Une situation qui, jusqu’à présent, ne fait pas baisser les prix de l’immobilier luxembourgeois malgré des tendances différentes selon les classes d’actifs. «En ce qui concerne le résidentiel, les prix continueront probablement de monter ou du moins se maintiendront quoi qu’il arrive en raison du déficit de logements dans le pays, juge Jean-François Trapp. Malgré les bouleversements induits par la quasi-généralisation du télétravail pendant la crise sanitaire, il en va de même pour l’immobilier de bureau où la demande est supérieure à l’offre et où les offres non-sollicitées se multiplient et participent à maintenir les prix.
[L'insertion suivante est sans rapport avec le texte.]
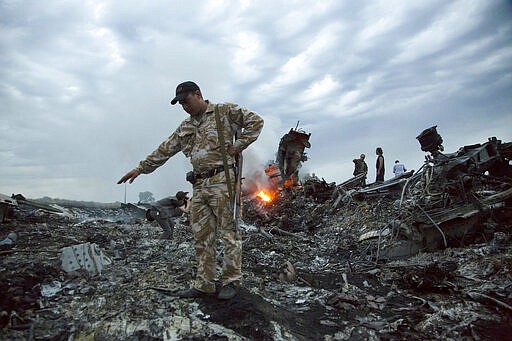 FILE- In this July 17, 2014, file photo, people walk amongst the debris at the crash site of MH17 passenger plane near the village of Grabovo, Ukraine, that left 298 people killed. United by grief across oceans and continents, families who lost loved ones when Malaysia Airlines Flight 17 was shot down in 2014 hope that a trial starting next week will finally deliver them something that has remained elusive ever since: The truth. (AP Photo/Dmitry Lovetsky, File)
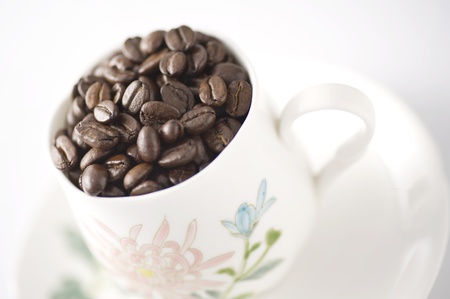 Cup with coffee beans on white background 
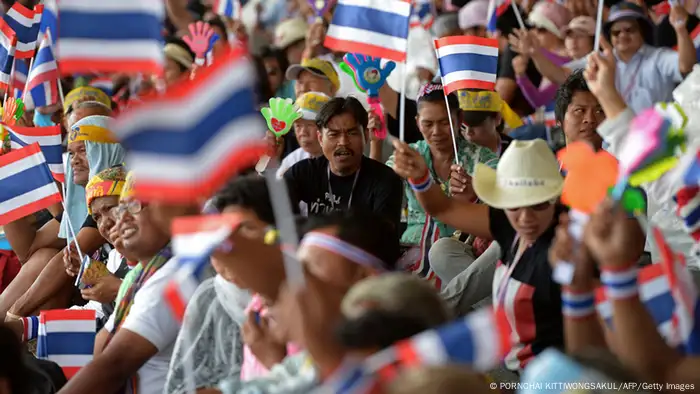 Anti-government protesters wave national flags during a protest at Government Complex in Bangkok on November 28, 2013. Thailand's embattled prime minister easily survived a parliamentary no-confidence vote on November 28 as opposition protesters kept up their fight to try to topple her government by besieging major ministries. AFP PHOTO / PORNCHAI KITTIWONGSAKUL (Photo credit should read PORNCHAI KITTIWONGSAKUL/AFP/Getty Images)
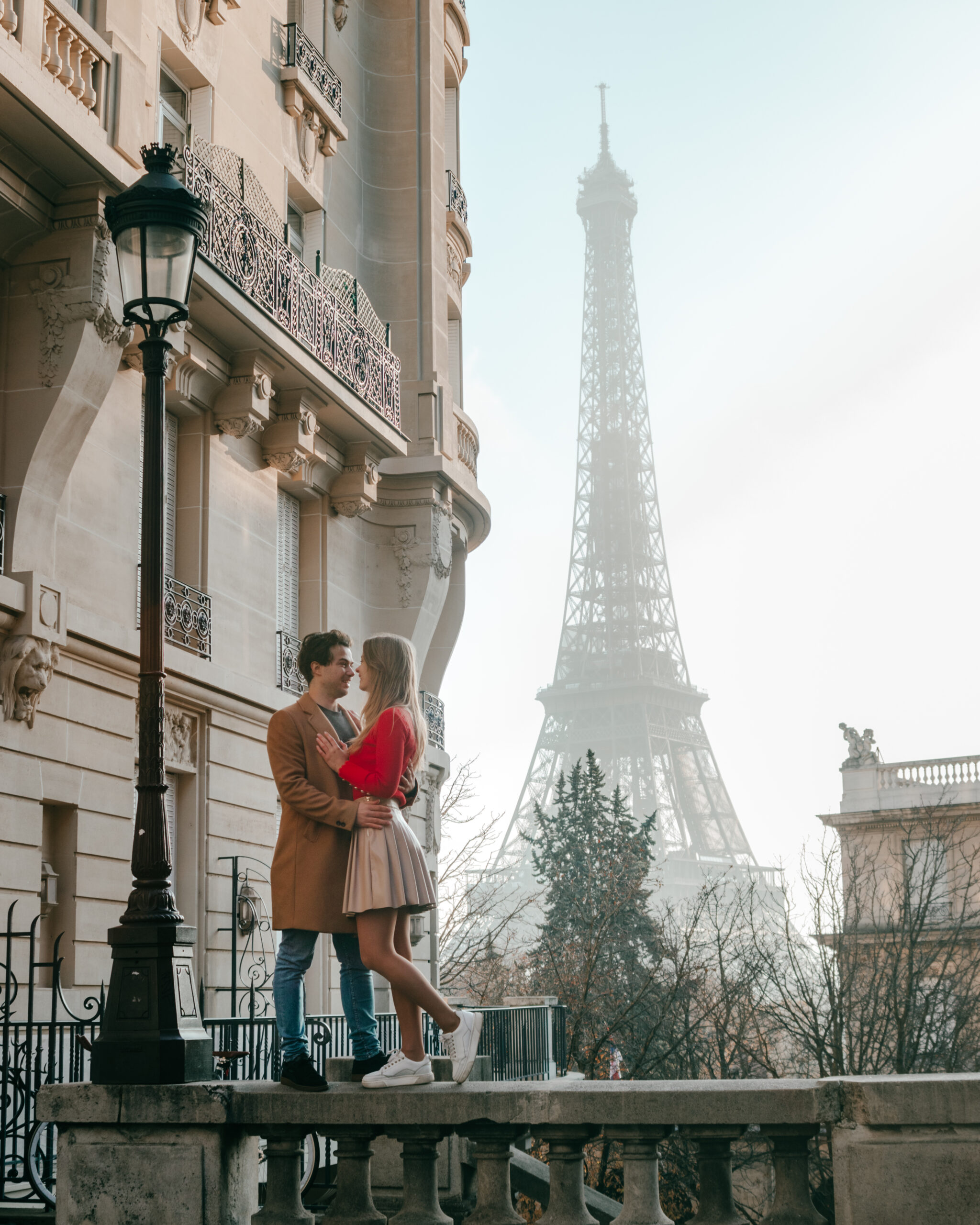 Couple trip in Paris standing in Avenue de Camoens with view on the Eifel Tower
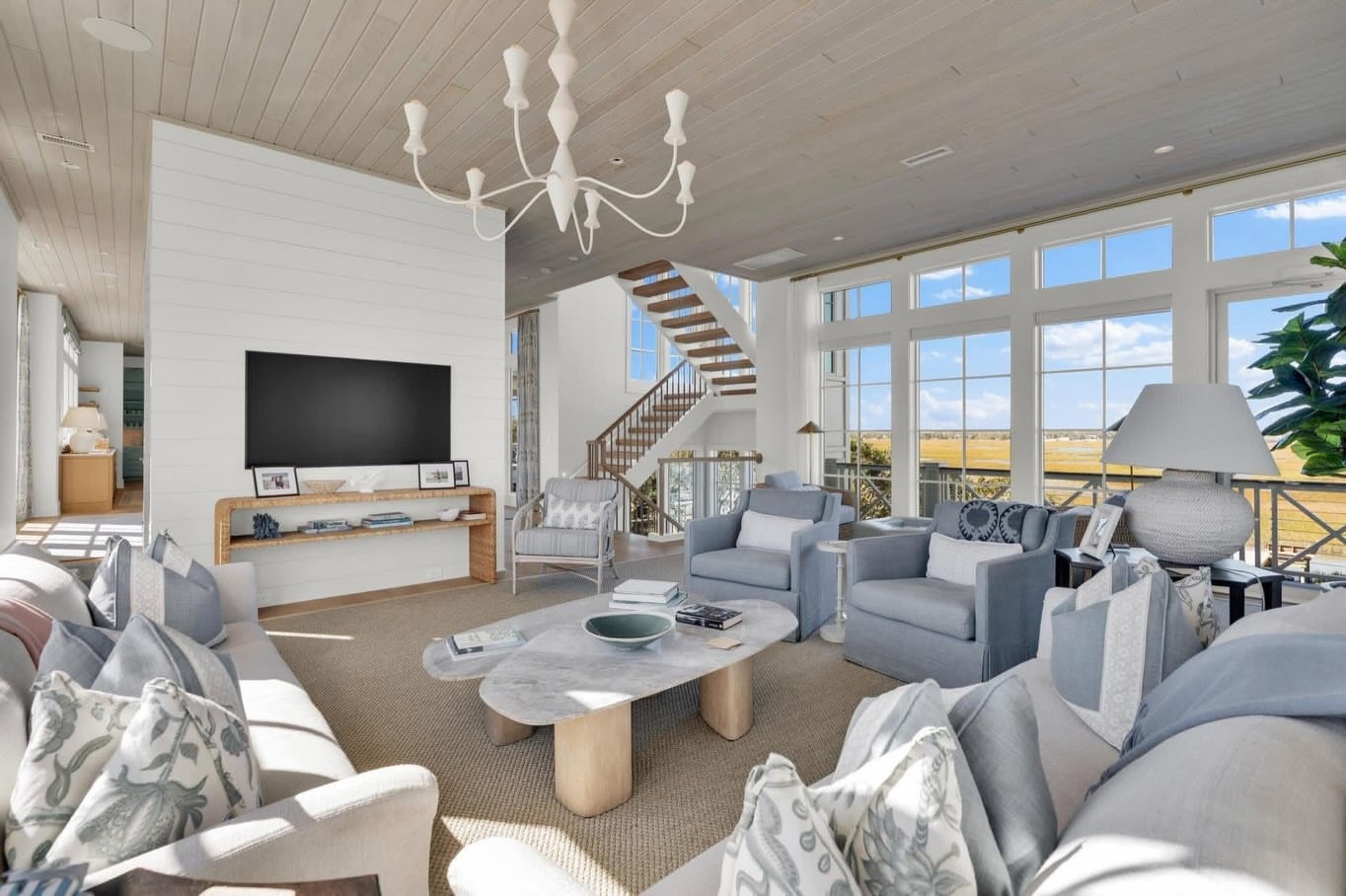 Main living room with white sofas, vaulted ceiling and expansive windows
Au niveau commercial, la situation sera probablement différente, au moins pendant quelques temps. Je pense toutefois que le Luxembourg résistera mieux que d’autres pays européens. Lors de la crise de 2008, les prix sont remontés rapidement et le marché est resté très fort. Les investisseurs avaient alors pu constater que le Luxembourg était un marché extrêmement résilient au niveau immobilier et que l’argent y était bien placé».
Penser l’immobilier de demain
La crise n’a pas seulement secoué notre économie, elle a aussi bouleversé nos façons de vivre, de travailler, de consommer et de nous récréer. Une petite révolution du quotidien en passe de se matérialiser dans la brique. Contrecoup du confinement, locataires et acheteurs ont revu leurs critères à la hausse: «Ceux qui habitent un appartement en ville vont certainement souhaiter pouvoir profiter d’un petit extérieur. À ma connaissance, la demande pour les résidences hors centre-ville a augmenté. D’autre part, nombreux sont les travailleurs qui essayent de s’aménager un coin bureau dans lequel ils peuvent travailler tranquillement à la maison. L’idéal est forcément la pièce supplémentaire qui permet de s’isoler», a remarqué Sven Rein.
Bien sûr, le travail ne se délocalise pas sans de potentielles conséquences (négatives ou non) pour l’immobilier de bureaux. Difficile toutefois de les anticiper. Tout dépendra de l’issue de la crise et, actuellement, une certaine forme d’attentisme est de mise. Si le secteur n’est pas en manque d’idées, il est pour l’instant dépourvu de certitudes: «Tout dépendra des contraintes sanitaires qui résulteront (ou non) de la crise mais aussi de l’avenir du télétravail. S’il y a un réel besoin de retrouver le chemin du bureau, il semble aussi y a avoir une vraie volonté de conserver la flexibilité que confère le travail à domicile. Prenons le bureau d’un salarié qui télétravaille deux jours par semaine. En réalité, son employeur paie des mètres carrés pour une occupation de moins de 60% du temps de travail (congés compris). C’est à ce point de vue qu’il faudra sûrement être innovant, mais il va falloir attendre que la situation se normalise pour inventer l’univers du bureau de demain en fonction de nouveaux paramètres éventuels», reconnaît Jean-François Trapp.
Enfin, l’un comme l’autre, Sven Rein et Jean-François Trapp ont constaté un regain de la conscience écologique dans toutes les activités immobilières. Les transformations qui découleront de la crise sanitaire seront autant d’opportunités de recourir dans le même temps à des solutions écologiques. Des fonds d’investissement aux promoteurs en passant par les architectes, tous se devront de penser durabilité.